How do you think you are perceived by your peers and what is the ease with which you interact with them? We can broaden this to feeling unsure if we are keeping up with the latest news, TV shows, movies, Facebook and other forms of social media.

Some Additional Insecurities

Some additional securities include food insecurity, housing insecurity, health insecurities, insecurities around sexual identity, being unsure of your abilities to be an adequate parent/grandparent, unsure if my parents and other family members are proud of me, fear I won’t understand a joke or feeling unsure about telling a joke or teasing someone, feeling unsure about creating something new, spiritual insecurities  — feeling unsure about my faith – am I saved, living up to the expectations connected to my faith?

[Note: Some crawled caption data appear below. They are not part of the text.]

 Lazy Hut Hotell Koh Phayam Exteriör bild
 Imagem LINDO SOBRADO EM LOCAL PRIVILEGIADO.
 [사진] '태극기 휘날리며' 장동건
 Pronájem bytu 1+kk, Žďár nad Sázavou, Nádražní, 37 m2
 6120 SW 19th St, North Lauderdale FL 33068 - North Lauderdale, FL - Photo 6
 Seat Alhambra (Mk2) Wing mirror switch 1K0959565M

The website Live Bold and Bloom suggests a few others including those created by the various isms out there like racism and ageism that can be underlying cause of insecurity.

Signs of Insecurity

Webmd suggests the following signs that someone may be experiencing insecurity: 

  • Low or Superficial Self-Esteem
  • Perfectionism 
  • Self-Isolation
  • Anxious or Avoidant Attachment Styles
  • Poor Job Performance
  • Depression or Anxiety

There may be others however, all involve feelings and behaviors that express how someone experiences their insecurities.

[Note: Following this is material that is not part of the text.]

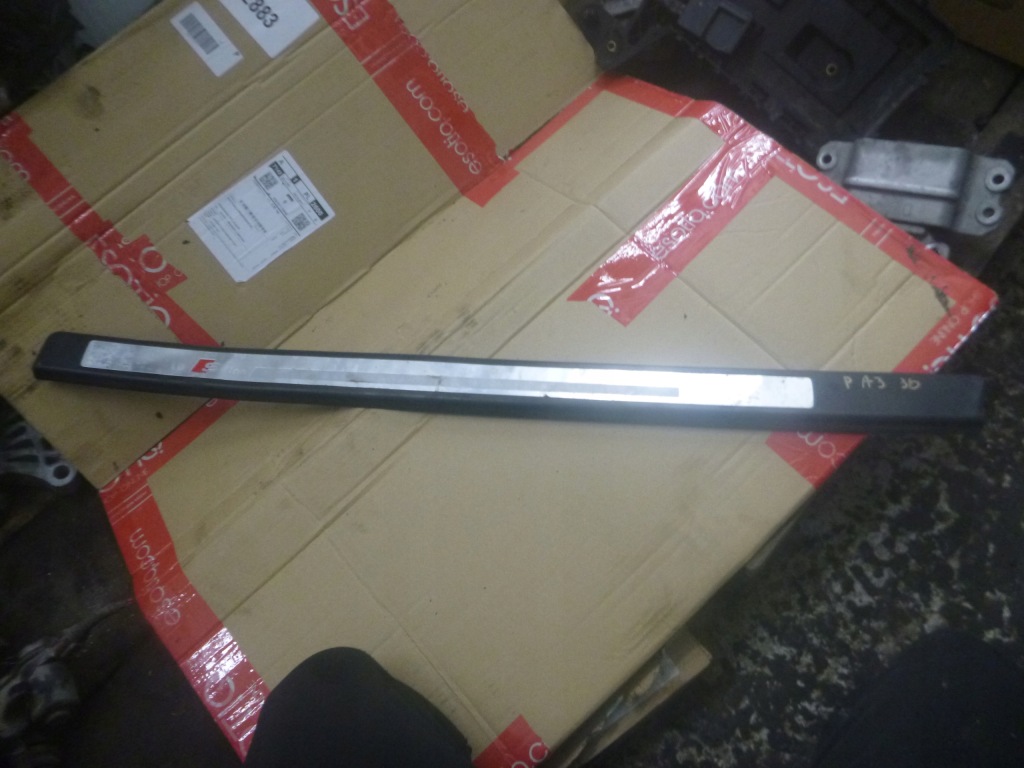 Купить Молдинг накладка порог перед правая audi a3 8p s-line 8p3853492a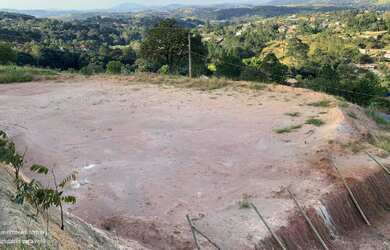 Imagem: O terreno possui 1000m² de Área Privada e está localizado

Here are three short video clips on YouTube that offer insights on the nature and behaviors of experiencing deep insecurity. Notice the attitudes, beliefs and behaviors of each character in these clips.

  • Just Eeyore being Eeyore: Eeyore is the always sad, always negative, insecure donkey from the book and cartoons about Winnie the Pooh. Notice that despite the efforts of friends, Eeyore is not able to change his negative, insecure attitude. Consider how true that is for some people.
  • Dobby is a Free Elf: Dobby is a fictional character from the Harry Potter series who is the slave of the character Malfoy, an abusive owner. Notice Dobby’s body language when Harry Potter finds a way to free Dobby from the clutches of Malfoy showing him vacillating from being fearful and insecure to gaining a sense of confidence and then reverting back to body language showing his insecure nature. 
  • Charlie Brown’s Insecurities: Charlie Brown and Linus discuss the benefits of having a security blanket and some of the struggles that can result from relying on it. Charlie Brown then has flashbacks of the many times other people treated him disrespectfully and how that led to his sense of worthlessness.

Invitation for Reflection

  1. To what extent are you insecure?  How has this impacted your life?
  2. What in this blog do you relate to?  Are there specific images that pop up for you as personal examples?
  3. Are there people in your family, at work, friends, acquaintances who you believe are significantly insecure? How do they show that they are insecure?  How does their insecurity impact them?  Their relationship with you?